Disaster recovery
Estafette CI is a pretty resilient system, but of course an incident can happen. Like wiping out a complete namespace by accident. This will not only loose you all of the pipeline build version numbers and references to the logs, but also the master encryption/decryption key.
Recreate/repair Helm release
If your Estafette CI release somehow managed to become corrupt or deleted you can reinstall it with the instructions below. Do ensure you have the original values.yaml
file stored somewhere. And also have any of the secrets used during installation at hand.
helm repo add estafette https://helm.estafette.io
helm repo update
# check diff
helm diff upgrade estafette-ci estafette/estafette-ci -n estafette-ci --values local-values.yaml --set api.secret.secretDecryptionKey=<base64 encoded secret decryption key>
# apply changes
helm upgrade --install estafette-ci estafette/estafette-ci -n estafette-ci --create-namespace --values local-values.yaml --timeout 600s --set api.secret.secretDecryptionKey=<base64 encoded secret decryption key> --set db-migrator.enable=false
Any of the secret values you might use can be passed with the --set
argument. Make sure you've stored these commands somewhere secure, like in a password manager, so you don't have to figure out all of the secrets when trying to restore functionality.
Note: the db-migrator
component needs to be disabled if the database needs to be restored from a backup, otherwise it already creates database tables which makes it impossible for a backup to be restored.
CockroachDB restore backup
If you've following the instructions in the Production / high availability section you've already set up a daily backup for Estafette's Cockroachdb database.
After having followed the instructions above you hopefully still have all of your data, but in case you threw away all the Persistent Volume Claims for the database you will have to restore it from your backup.
Note: You can't restore a backup in a database that already has a schema, so this section is only useful for recovering from scratch. If your database somehow got corrupted you will have to shrink the statefulset to 0, delete the pvc's and restore it to it's original number of replicas before continuing with the following steps.
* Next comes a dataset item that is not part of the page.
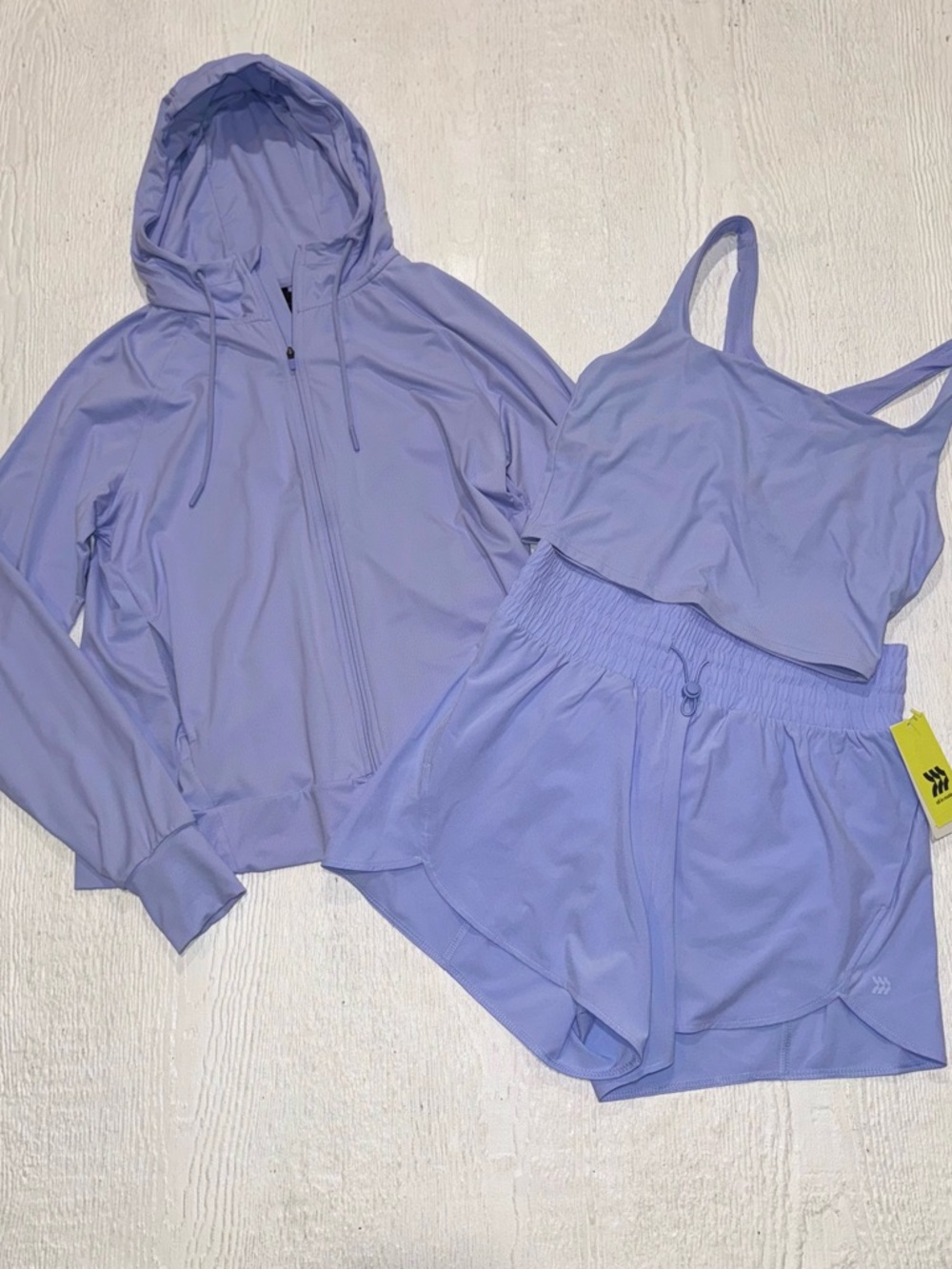 All In Motion Lilac 3 Piece Active Set Periwinkle Active Shorts Jacket Crop Top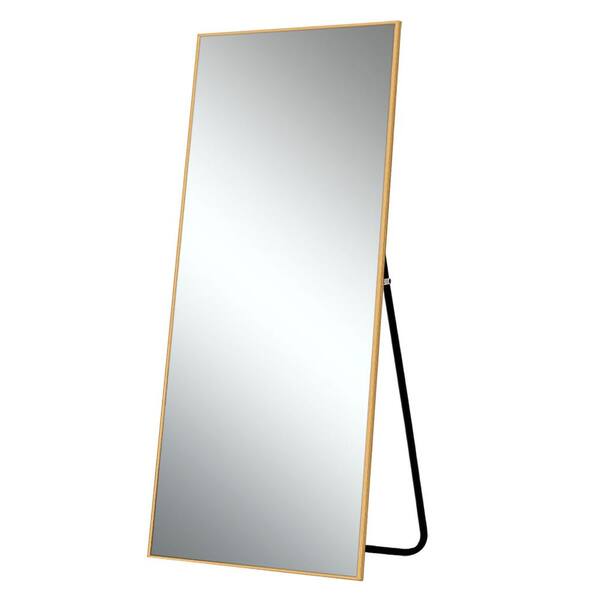 Lirago 27 in. x 70 in. Modern Rectangle Framed Gold Full-Length Leaning Mirror Aluminum Alloy for Bedroom Living Room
In order to connect to the Cockroachdb database to perform queries, the Helm chart has a db-client
subchart, that's disabled by default. You can enabled it by setting values:
db-client:
enabled: true
db-migrator:
enabled: false
This will spin up a pod named estafette-ci-db-client
which you can ‘log in to’ with the following command:
kubectl exec -it estafette-ci-db-client -n estafette-ci \
-- ./cockroach sql \
--certs-dir=/cockroach-certs \
--host=estafette-ci-db-public
From here on you can follow the instructions as listed by the documentation of Cockroachdb.
For example in order to create a scheduled backup to Google Cloud Storage
- Get a keyfile for the service account used for the scheduled backup
- Execute the following query in the
estafette-ci-db-client
:
RESTORE
FROM 'gs://{bucket name}/db-backups?AUTH=specified&CREDENTIALS={base64 encoded key}';
Once you're done best to disable the db-client again by updating the values to
db-client:
enabled: false
db-migrator:
enabled: true
and making sure to either pass --set db-migrator.enable=true
to helm upgrade
or skip overriding this value completely. This will let the db-migrator
perform any schema changes that still need to happen, although with a daily backup the schema should be up to date.
What doesn't get restored
When recreating your Estafette installations the Bitbucket and Github integration details will not be recovered. This means you will have to go through the instructions at Github integration and/or Bitbucket integration again.